When he looks into the crowds of teens and early 20-somethings who come to hear his band, Ryan Shuck sees more and more guys wearing cosmetics eyeliner, lipstick, foundation, nail polish which tickles him.
"I see lots of little Ryans out there," said Shuck, guitarist for Orgy, a synth-metal band from Southern California.
"It's great. I have my own line of clothing as well, and before a show recently I put my hair under a hat and went out and talked to kids waiting in line. A bunch of them were wearing my clothes or improvising our clothes and our hair. And the makeup, too."
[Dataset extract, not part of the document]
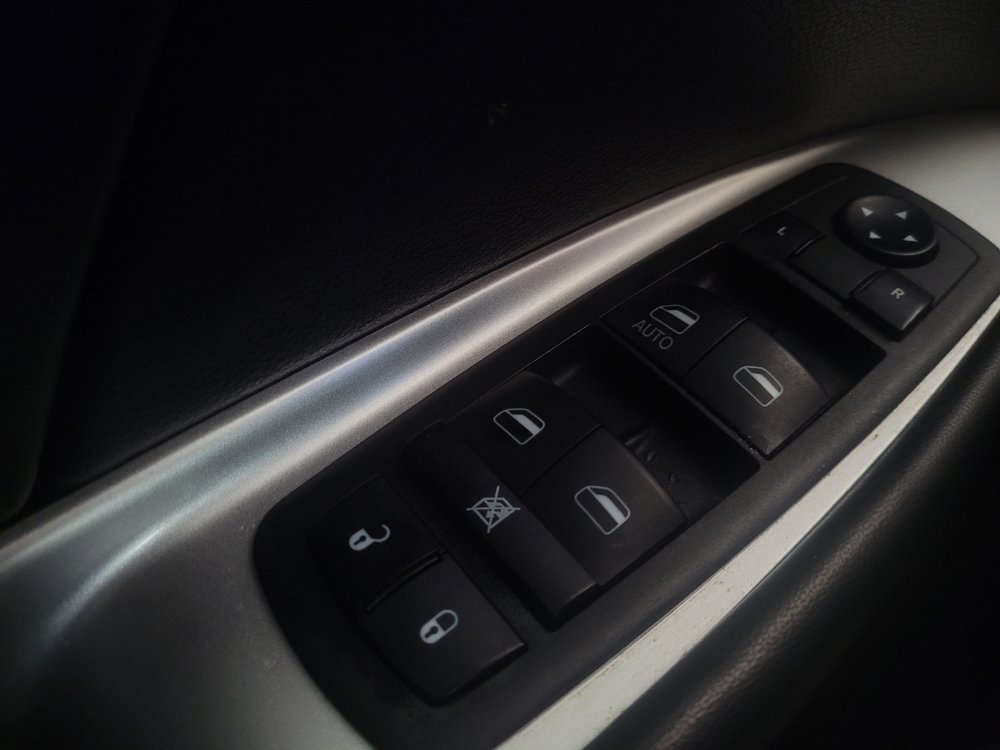 Used 2020 Dodge Journey SE w/ SE Popular Equipment Group FWD image 27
Orgy isn't old enough to have its own army or action-figure dolls, like Kiss does, but after surviving the original Family Values Tour a few years ago, the band is big enough to package its image and sell it as fashion.
Shuck, a former high-dollar hair stylist in Los Angeles, wasn't kidding about having his own line of clothing, and Orgy's latest press kit includes copies of the band starring in two fashion layouts. One was in Alternative Press, a magazine for hard-rock fans; the other was in Revolver, where the boys were more dolled-up than the underwear models they were hanging out with.
So how did all this androgyny and Max Factor glam fly with the Korn/Limp Bizkit crowds, where bare chests and baseball caps are reigning fashion?
"Surprisingly well," Shuck said. "There's something about being the bastard child in the family, which we were for Korn. The kids weren't as brutal as we thought they'd be. At first they just stood there and went like, 'OK. They've got loads of makeup on. They look like the Cure on cocaine.'
Orgy plays the kind of music temperate industrial disco that might attract handfuls of Korn fans, despite all the cosmetic affectations. Its latest record, "Vapor Transmission," is consistently more aggressive than the debut, "Candyass," although neither was exactly groundbreaking.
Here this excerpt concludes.